Researchers at the NYU School of Medicine described a new strategy to preserve muscle function in a mouse model of amyotrophic lateral sclerosis (ALS). The finding could have implications for the treatment of alterations that occur in the early phases of ALS, also known as Lou Gehrig’s disease.
The study titled “Preserving neuromuscular synapses in ALS by stimulating MuSK with a therapeutic agonist antibody,” appeared in the journal eLife.
In patients with familial or sporadic forms of ALS, as well as in mouse models of the disease, the loss of motor neurons — which transmit signals to skeletal muscle cells, causing muscles to contract or relax — is preceded by damaged nerve-muscle connections (the neuromuscular junctions, or synapses). These alterations lead to a decline in motor function and, ultimately, lethal respiratory paralysis.
The research team used a mouse model of aggressive ALS (SOD1-G93A) to assess whether injecting mice with a muscle-specific agonist antibody to MuSK — a receptor essential for the formation and maintenance of neuromuscular junctions — would slow the detachment of nerve terminals from the muscle. The agonist antibody stimulates MuSK to increase signaling from muscle to nerve.
Results showed that injecting the antibody after disease onset (the first signs or symptoms of the disease) slowed the loss of neuromuscular synapses. A single dose of MuSK antibody increased the number of fully innervated neuromuscular synapses by 2.6-fold. In addition, chronic dosing induced a sustained increase in neuromuscular synapses for two months, and improved the function of the diaphragm muscle, which is key for breathing.

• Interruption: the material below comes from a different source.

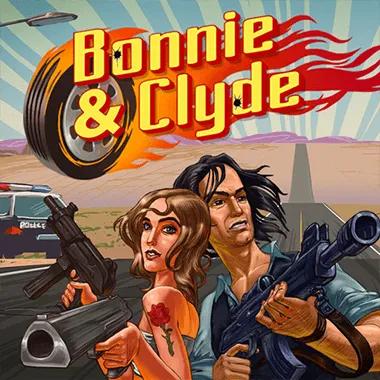 bonnie-clyde-bfgames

Moreover, the antibody improved motor neuron survival and extended the lifespan of ALS mice for about one week. This limited improvement in lifespan is due to the MuSK antibody strategy not targeting the underlying cause of the disease, the investigators observed.

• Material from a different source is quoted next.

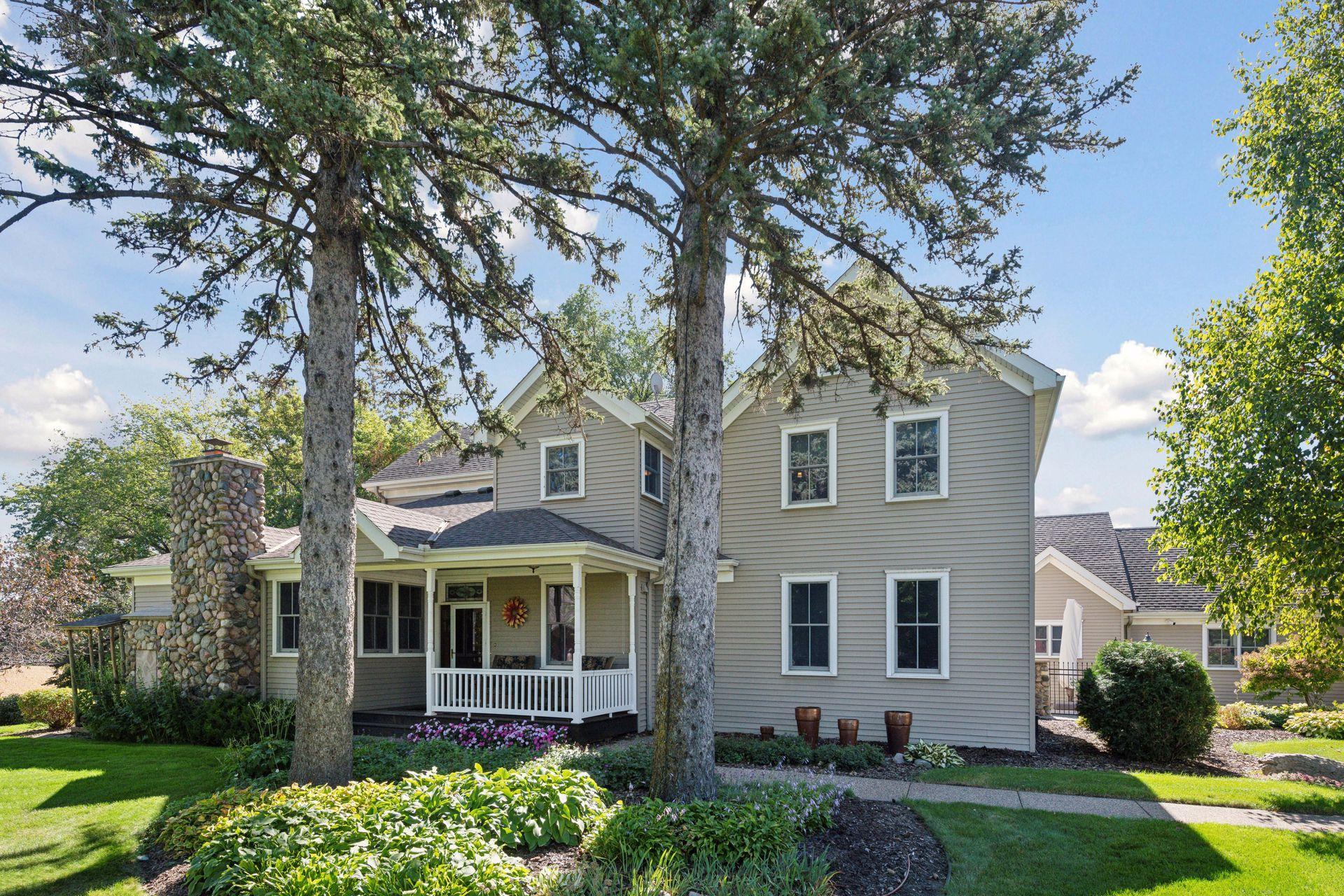 13670  122nd Street, Norwood Young America, MN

“Our findings reveal a new therapeutic strategy for ALS that protects a pathway essential for keeping nerves and muscles connected,” Steven J Burden, PhD, the study’s senior author and a professor at NYU School of Medicine, said in a press release.

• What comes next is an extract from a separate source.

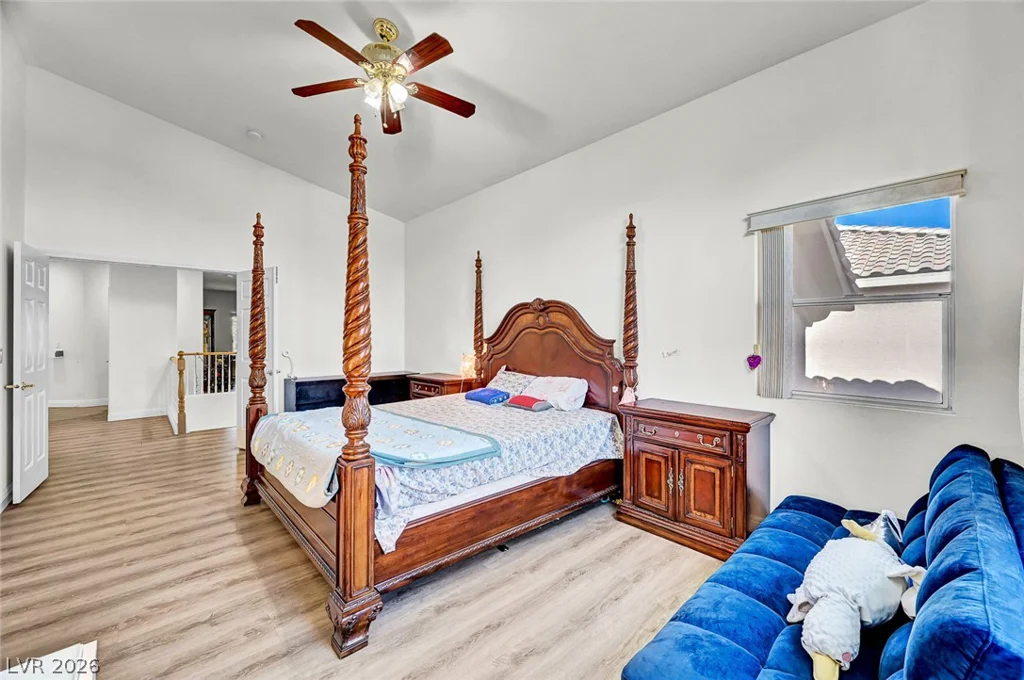 8957 Tempest Point, Las Vegas, NV 89147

“There are few treatments for ALS, and the two FDA-approved drugs extend survival for only a few months in a subset of patients,” Burden added. Most experimental approaches have focused on stopping the death of motor neurons, which occurs in the later stages of the disease, the researchers observed.
“We believe that our approach, mostly likely in combination with other drugs, may extend quality of life during the early phases of this disease,” Burden said.